If I'm going to write in varying POVs I tend to use third person limited. I want to experiment with writing a story with my main character in first person but other goings on that are necessary for the reader to know in third person. I know of one or two writers that do this and I find it a very effective way of telling the story. What are your thoughts on that?


----------



## PSFoster (Aug 12, 2010)

Since we're discussing POV here, I have a question: When writing in first person, how do you avoid so many sentences that start with "I"? Some of them I can rewrite without much trouble, but others insist on starting with that first-person pronoun.


----------



## Ilasir Maroa (Aug 12, 2010)

PSFoster said:


> Since we're discussing POV here, I have a question: When writing in first person, how do you avoid so many sentences that start with "I"? Some of them I can rewrite without much trouble, but others insist on starting with that first-person pronoun.



The only sentences that _require_ the first-person pronoun are actions by the protagonist.  Anything else can do without.  In my experience, the vast majority of superfluous "I"s are in sentences involving sensory data, the five senses.


----------



## JosephB (Aug 12, 2010)

Well, I once posted a story on a couple of forums that had a number of sentences that began with "she." On one forum, someone made a big deal out of it and everyone jumped on the bandwagon.

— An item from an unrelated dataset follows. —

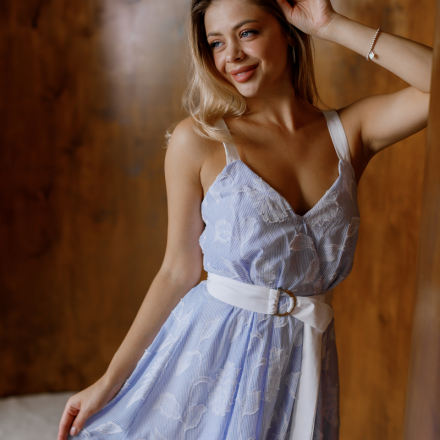 Сукня Imperial  з текстурним вишиваним візерунком. Колір: Біло-синій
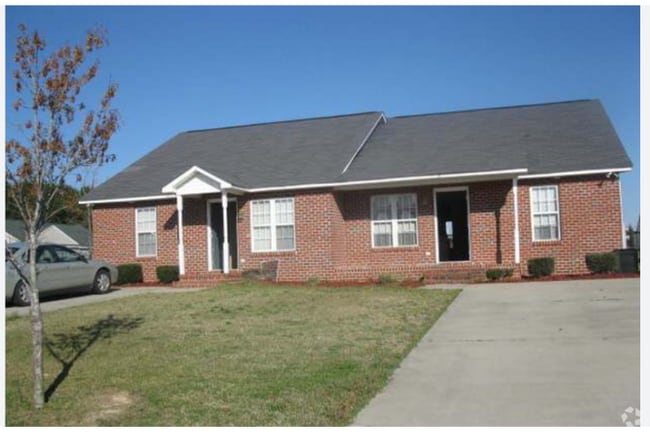 Building Photo - 4201 Cypress Dr NW Rental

Then they really started to jump out at me too. I did make the effort to change up my sentence structure and eliminate some of the "she's" and I think that was good thing, but after perusing a few of my favorite short stories, I came to the conclusion that I was making too big a deal out of it. 

So really, I think it stands out to us more than it does to the reader. In one good sized paragraph in a Raymond Carver short story, just about every sentence started with "she." And I'm sure that prior to having the "she" deal brought to my attention, I wouldn't have thought twice about it.


----------



## PSFoster (Aug 13, 2010)

I understand what you mean, Ilasir.  The story in question has a lot of action in it, describing what the MC was doing.  In many instances the sentences have to start with "I", or else be run-ons using 'then' as a conjunctive. Or else using (I forget now what they're called) an -ing word to start the sentence.


----------



## The Backward OX (Aug 13, 2010)

A great many of the posters in this thread (you’ll know who you are) should put their money where their mouth is and give the rest of us the titles of their published stories. 

That would be vastly, vastly better than all the poncing about that’s gone on here about what is better or worse, what is right or wrong.

Put up or shut up.


----------



## caelum (Aug 13, 2010)

Let's try to keep the discussion on track, y'all.

I prefer the third-person omniscient to all others as it allows me to jump the perspective without utterly changing the voice.  Haven't had too much experience with the limited third-person.